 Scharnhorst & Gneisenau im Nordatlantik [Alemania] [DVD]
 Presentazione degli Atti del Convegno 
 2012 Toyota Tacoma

--

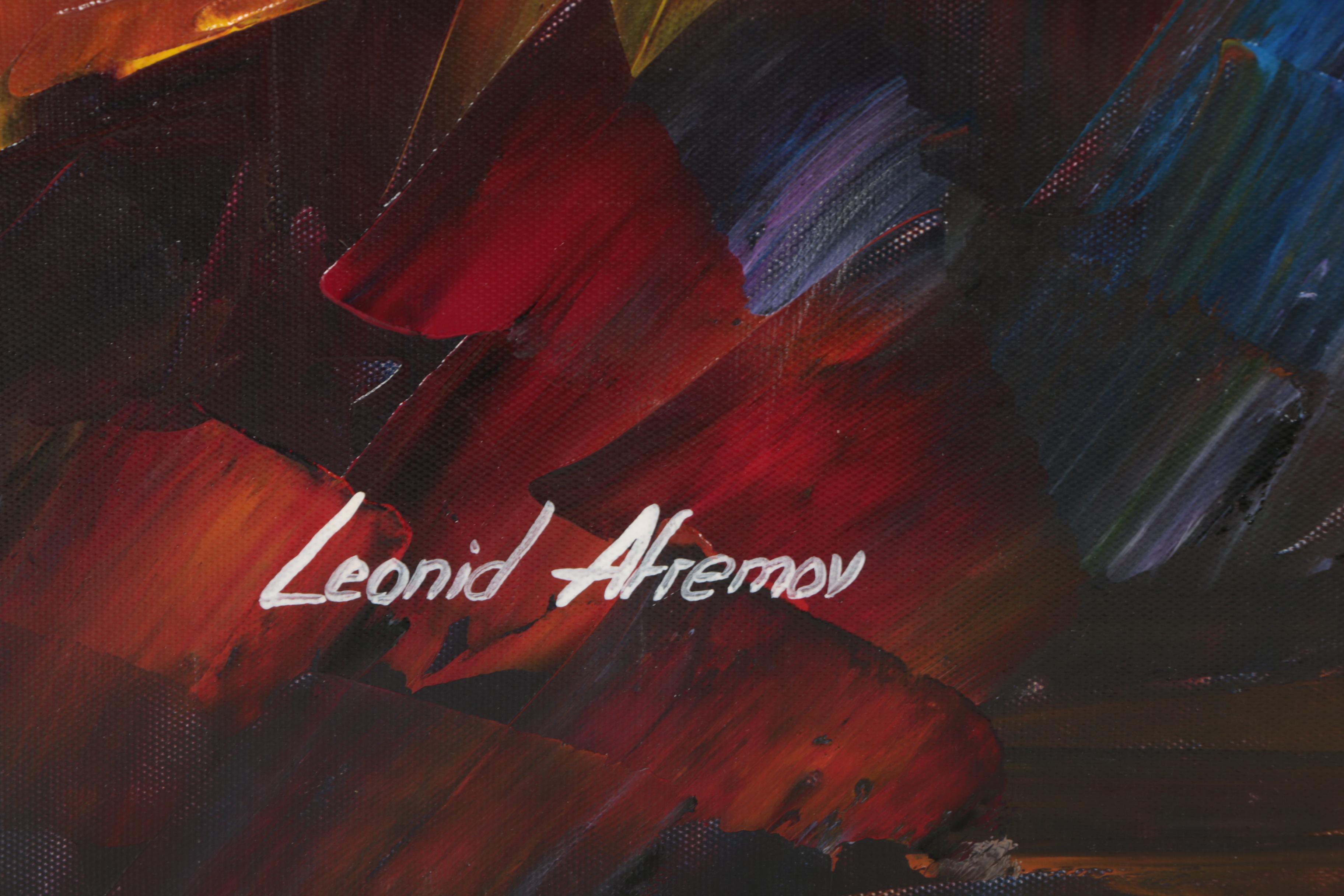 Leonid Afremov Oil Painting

==

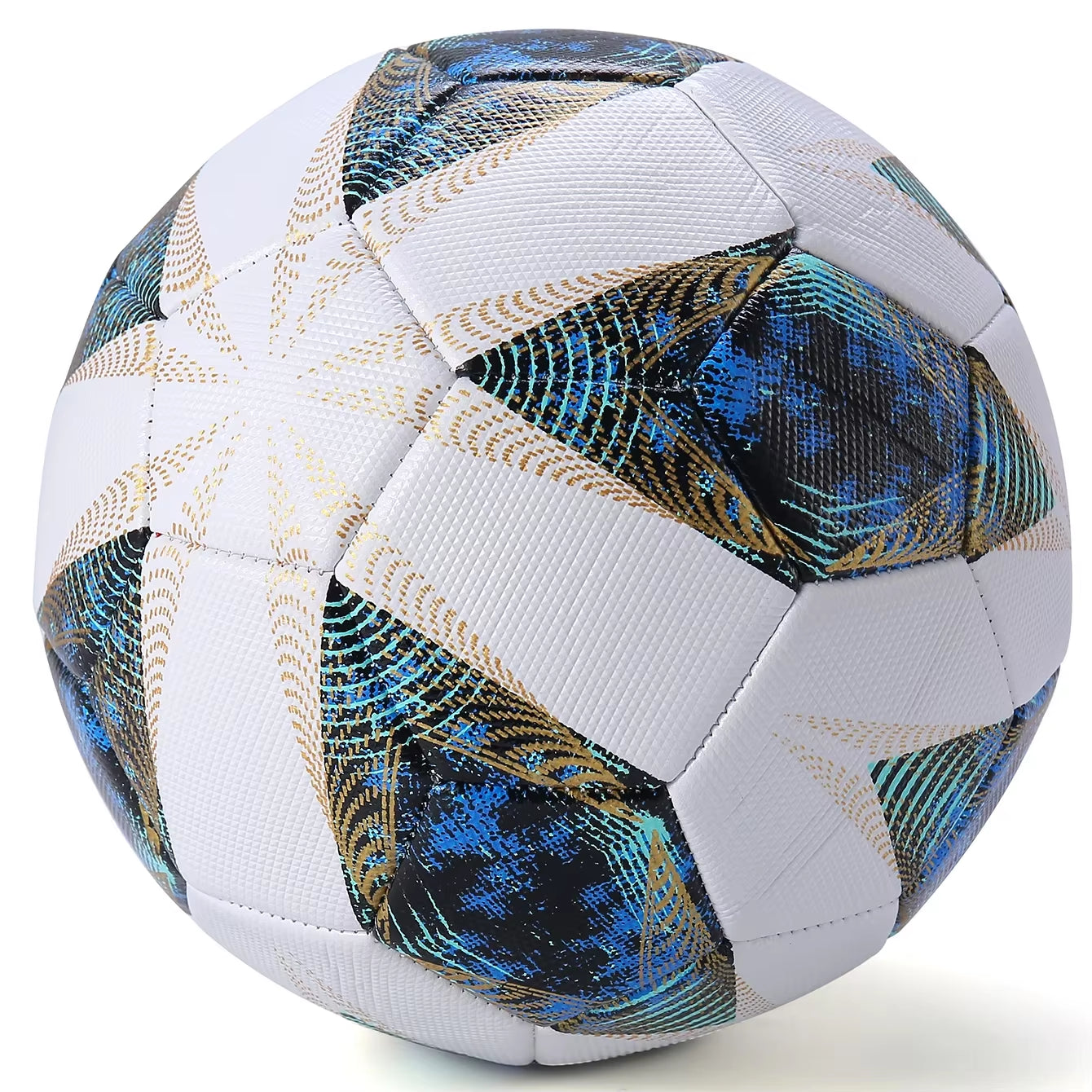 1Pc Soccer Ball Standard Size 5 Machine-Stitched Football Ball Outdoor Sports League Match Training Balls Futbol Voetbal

WHAT THIS TASK INVOLVES = Give back the records above exactly, limited to the lines between the one holding "Presentazione degli Atti del Convegno" and the one holding "2012 Toyota Tacoma", inclusive.

EXERCISE RESPONSE =
 Presentazione degli Atti del Convegno 
 2012 Toyota Tacoma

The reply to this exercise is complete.